よしまる

カモン カモンのよしまるのレビュー・感想・評価

カモン カモン(2021年製作の映画)
4.2
 2022年公開の映画で劇場配信含めて鑑賞済は31本。んが。半分ほどしかレビューできてない💦

 2023年はまずこれを消化していこうと思うのだけれど、昨年はなぜかモノクロ作品で気になる物がチラホラ。
 本作は4つの都市を巡る擬似親子の物語。画面の色を平坦化することにより世界観の統一を意識したそうで、どの作品もそれぞれモノクロで撮る意図が明確であったことが面白いし、どれもが高品質だった。
 そしてもちろん、ホアキンすげえ!

 実際、ロードムービー的ではあるけれど行く先々の景色を楽しむような映画ではない。
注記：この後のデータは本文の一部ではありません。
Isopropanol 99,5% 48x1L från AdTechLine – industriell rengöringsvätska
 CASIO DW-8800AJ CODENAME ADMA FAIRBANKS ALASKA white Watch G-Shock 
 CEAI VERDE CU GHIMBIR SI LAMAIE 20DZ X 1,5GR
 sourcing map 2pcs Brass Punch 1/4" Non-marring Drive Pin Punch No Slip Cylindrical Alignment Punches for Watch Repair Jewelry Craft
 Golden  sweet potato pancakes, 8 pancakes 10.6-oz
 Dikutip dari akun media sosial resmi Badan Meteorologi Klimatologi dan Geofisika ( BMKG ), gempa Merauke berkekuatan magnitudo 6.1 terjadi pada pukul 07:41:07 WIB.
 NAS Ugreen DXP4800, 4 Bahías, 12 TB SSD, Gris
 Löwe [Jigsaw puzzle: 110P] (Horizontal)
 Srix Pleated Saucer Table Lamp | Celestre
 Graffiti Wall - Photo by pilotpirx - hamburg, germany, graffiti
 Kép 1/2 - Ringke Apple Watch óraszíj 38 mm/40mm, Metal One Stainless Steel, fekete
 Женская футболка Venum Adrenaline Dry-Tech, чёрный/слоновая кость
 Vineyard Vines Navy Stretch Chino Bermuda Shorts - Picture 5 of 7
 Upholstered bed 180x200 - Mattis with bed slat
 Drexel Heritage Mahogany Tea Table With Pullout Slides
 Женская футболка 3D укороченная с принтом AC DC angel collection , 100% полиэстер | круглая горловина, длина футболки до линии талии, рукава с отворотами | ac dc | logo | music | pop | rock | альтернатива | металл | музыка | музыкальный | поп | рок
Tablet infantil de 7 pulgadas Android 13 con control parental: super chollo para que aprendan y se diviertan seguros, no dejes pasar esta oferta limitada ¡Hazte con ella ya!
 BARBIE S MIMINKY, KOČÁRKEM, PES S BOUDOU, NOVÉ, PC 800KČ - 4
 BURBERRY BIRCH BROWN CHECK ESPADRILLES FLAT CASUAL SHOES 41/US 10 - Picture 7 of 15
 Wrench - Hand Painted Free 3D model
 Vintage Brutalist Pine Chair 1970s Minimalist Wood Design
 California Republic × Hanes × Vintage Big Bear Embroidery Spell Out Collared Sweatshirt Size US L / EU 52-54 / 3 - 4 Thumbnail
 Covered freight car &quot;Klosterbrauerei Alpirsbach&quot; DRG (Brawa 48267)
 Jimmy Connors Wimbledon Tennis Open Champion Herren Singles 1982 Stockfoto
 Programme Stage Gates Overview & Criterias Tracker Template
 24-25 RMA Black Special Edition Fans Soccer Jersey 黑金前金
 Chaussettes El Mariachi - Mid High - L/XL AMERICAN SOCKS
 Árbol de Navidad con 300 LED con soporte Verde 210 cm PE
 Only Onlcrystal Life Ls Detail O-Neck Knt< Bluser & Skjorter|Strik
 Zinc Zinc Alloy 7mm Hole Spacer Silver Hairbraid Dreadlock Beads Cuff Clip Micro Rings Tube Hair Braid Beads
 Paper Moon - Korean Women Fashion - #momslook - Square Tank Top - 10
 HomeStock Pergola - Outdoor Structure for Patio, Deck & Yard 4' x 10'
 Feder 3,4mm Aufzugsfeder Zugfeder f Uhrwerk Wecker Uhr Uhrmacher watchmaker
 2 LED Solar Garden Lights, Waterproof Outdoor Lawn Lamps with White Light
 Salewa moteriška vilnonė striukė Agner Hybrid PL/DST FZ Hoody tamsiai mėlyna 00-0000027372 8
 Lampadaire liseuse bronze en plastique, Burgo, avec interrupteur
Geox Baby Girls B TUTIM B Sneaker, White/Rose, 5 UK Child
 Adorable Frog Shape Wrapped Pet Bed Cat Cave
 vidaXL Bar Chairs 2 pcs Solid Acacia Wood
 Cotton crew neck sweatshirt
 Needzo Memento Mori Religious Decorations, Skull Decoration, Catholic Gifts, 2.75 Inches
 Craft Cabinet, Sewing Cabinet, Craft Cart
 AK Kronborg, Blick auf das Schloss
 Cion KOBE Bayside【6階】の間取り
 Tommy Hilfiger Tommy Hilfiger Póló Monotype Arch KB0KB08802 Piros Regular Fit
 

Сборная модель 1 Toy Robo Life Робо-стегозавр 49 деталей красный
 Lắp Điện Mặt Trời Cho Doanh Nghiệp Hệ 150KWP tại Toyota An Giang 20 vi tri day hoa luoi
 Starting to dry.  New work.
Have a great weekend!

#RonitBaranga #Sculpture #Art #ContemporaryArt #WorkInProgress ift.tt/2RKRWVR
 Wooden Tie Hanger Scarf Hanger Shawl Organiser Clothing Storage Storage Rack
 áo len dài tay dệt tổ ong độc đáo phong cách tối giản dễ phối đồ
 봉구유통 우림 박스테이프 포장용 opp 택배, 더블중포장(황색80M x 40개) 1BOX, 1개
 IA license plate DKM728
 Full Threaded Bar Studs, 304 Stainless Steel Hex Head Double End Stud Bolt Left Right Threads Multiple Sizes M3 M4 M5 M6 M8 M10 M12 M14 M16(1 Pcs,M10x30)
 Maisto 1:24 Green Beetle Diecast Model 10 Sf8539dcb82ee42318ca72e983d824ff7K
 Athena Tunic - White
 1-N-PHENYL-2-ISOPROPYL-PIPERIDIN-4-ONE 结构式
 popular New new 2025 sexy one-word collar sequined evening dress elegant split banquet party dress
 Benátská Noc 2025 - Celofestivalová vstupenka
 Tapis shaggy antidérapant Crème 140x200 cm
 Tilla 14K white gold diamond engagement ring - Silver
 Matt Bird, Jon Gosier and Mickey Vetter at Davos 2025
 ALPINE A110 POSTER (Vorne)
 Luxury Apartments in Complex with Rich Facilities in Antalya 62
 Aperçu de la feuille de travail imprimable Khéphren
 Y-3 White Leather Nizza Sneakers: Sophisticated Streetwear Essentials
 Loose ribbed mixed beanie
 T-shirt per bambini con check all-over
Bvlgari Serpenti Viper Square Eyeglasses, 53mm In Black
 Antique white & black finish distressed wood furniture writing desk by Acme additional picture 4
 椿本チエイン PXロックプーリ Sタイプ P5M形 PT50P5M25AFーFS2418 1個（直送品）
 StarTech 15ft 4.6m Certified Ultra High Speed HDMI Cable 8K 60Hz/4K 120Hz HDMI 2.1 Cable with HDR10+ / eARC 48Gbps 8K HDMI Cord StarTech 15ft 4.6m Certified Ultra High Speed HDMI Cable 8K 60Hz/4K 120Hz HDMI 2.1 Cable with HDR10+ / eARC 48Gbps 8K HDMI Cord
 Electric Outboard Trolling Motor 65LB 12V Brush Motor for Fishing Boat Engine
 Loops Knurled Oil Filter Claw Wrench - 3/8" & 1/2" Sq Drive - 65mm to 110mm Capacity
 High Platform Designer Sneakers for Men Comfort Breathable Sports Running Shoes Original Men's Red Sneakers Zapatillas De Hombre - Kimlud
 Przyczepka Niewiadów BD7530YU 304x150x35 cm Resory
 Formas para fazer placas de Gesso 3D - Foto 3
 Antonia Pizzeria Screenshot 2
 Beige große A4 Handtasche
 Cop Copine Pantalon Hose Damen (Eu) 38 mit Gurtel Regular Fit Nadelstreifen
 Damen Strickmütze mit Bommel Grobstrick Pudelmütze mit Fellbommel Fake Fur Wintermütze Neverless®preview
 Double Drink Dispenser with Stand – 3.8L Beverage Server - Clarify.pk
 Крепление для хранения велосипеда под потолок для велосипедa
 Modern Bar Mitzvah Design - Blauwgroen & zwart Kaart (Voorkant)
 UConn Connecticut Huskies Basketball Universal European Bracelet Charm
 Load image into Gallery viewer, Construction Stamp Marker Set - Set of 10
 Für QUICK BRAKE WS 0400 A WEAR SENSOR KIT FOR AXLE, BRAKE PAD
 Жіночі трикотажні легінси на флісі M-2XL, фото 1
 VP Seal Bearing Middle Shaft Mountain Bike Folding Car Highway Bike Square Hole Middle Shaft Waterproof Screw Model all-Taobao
良い意味で場面が凸凹しないのだ。
 だから、おじさんと甥っ子という微妙な距離感の2人にのみフォーカスし、互いの心と心の葛藤を存分に楽しむことができる。
 いがみあい、許しあい、主張はしつつもお互いを尊重し合う2人の行く末をただいつまでも見守っていたくなる。

 フックとなるのは、デトロイト、ロサンゼルス、ニューヨーク、ニューオーリンズというその4つの都市でジャーナリスト役のホアキンが試みるインタビュー。
 映画は極めてミニマルな視点で作られていながら、こうした歴史や環境の異なる地区で子どもたちが世界を憂い、未来に目を輝かせて語るシーンがインサートされていくのだけれど、これがドキュメンタリーとしての側面を合わせ持ち、この擬似親子がいま置かれている環境を見事に浮き彫りにしていく。

 子供を使ったお涙頂戴映画などでは決してない。むしろ子供ゆえの邪気のない狡猾さもしっかり描き、子供と大人を対等な「人」として捉えたうえで、未来に希望を抱かせる、そんな素敵しかない映画だった。